Task goal = Each line below with the string "Blue" should be copied.

Provided information =
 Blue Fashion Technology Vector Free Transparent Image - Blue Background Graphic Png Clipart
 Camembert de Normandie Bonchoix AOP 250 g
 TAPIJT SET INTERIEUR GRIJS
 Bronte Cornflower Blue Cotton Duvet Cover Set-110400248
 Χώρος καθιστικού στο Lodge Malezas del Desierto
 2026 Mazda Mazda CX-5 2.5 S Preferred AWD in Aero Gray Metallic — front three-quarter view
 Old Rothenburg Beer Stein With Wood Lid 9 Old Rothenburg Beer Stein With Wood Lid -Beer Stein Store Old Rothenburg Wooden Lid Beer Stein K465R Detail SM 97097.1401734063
* * *
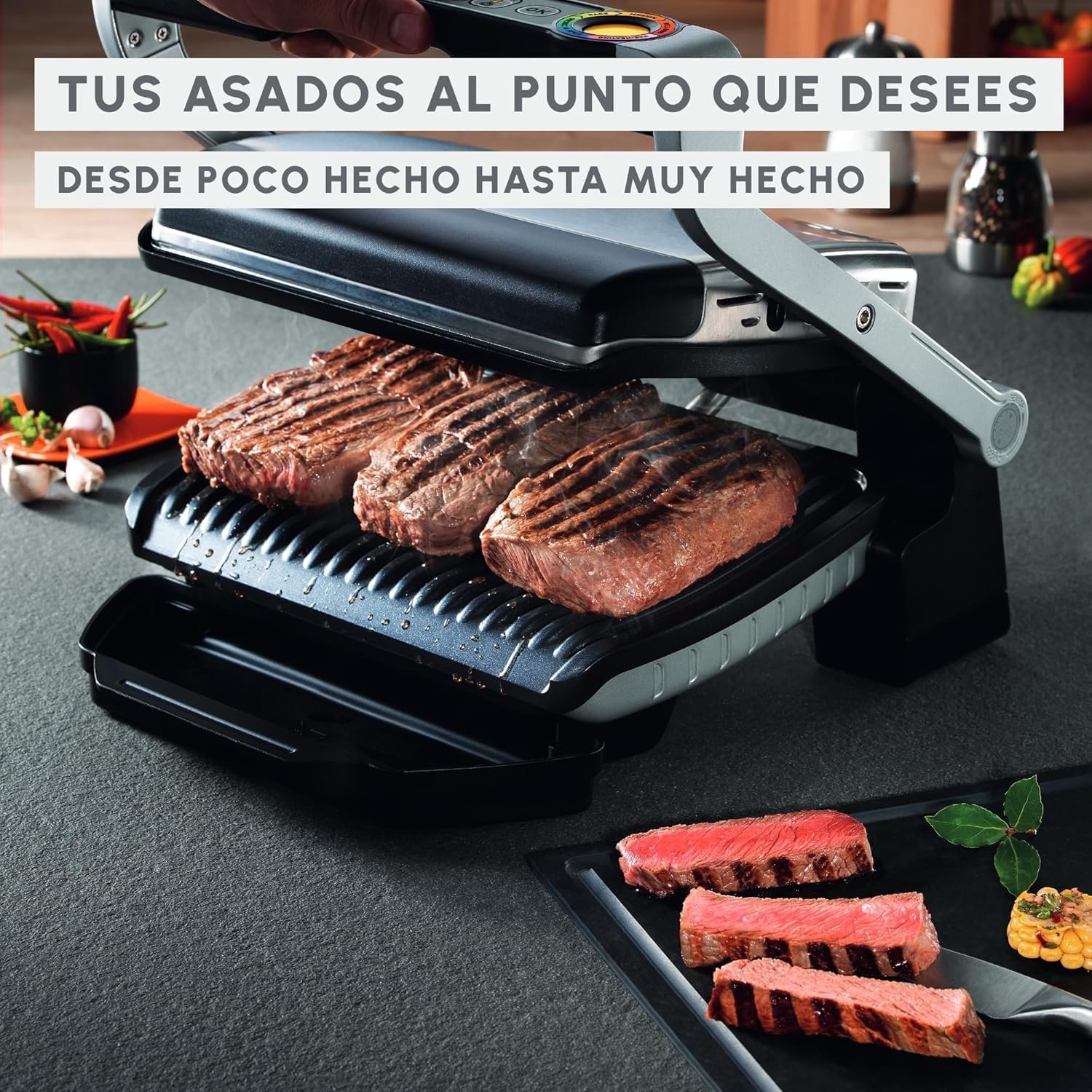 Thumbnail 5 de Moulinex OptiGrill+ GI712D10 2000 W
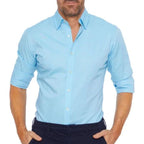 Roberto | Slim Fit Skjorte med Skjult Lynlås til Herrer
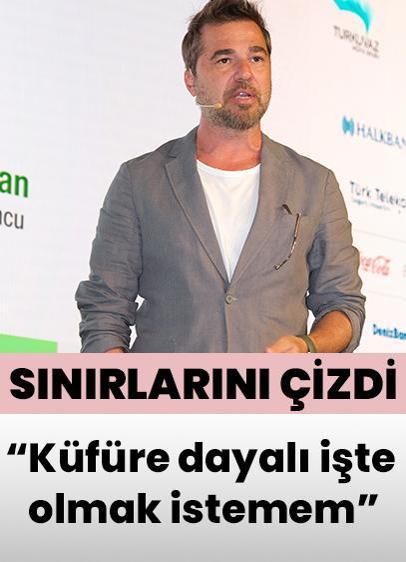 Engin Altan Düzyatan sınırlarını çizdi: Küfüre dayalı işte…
--
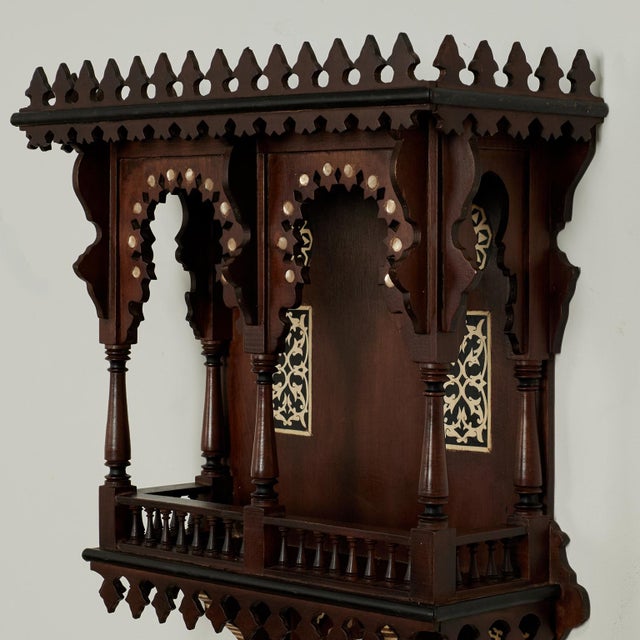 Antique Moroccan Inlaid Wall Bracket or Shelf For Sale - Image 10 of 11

Written answer =
 Blue Fashion Technology Vector Free Transparent Image - Blue Background Graphic Png Clipart
 Bronte Cornflower Blue Cotton Duvet Cover Set-110400248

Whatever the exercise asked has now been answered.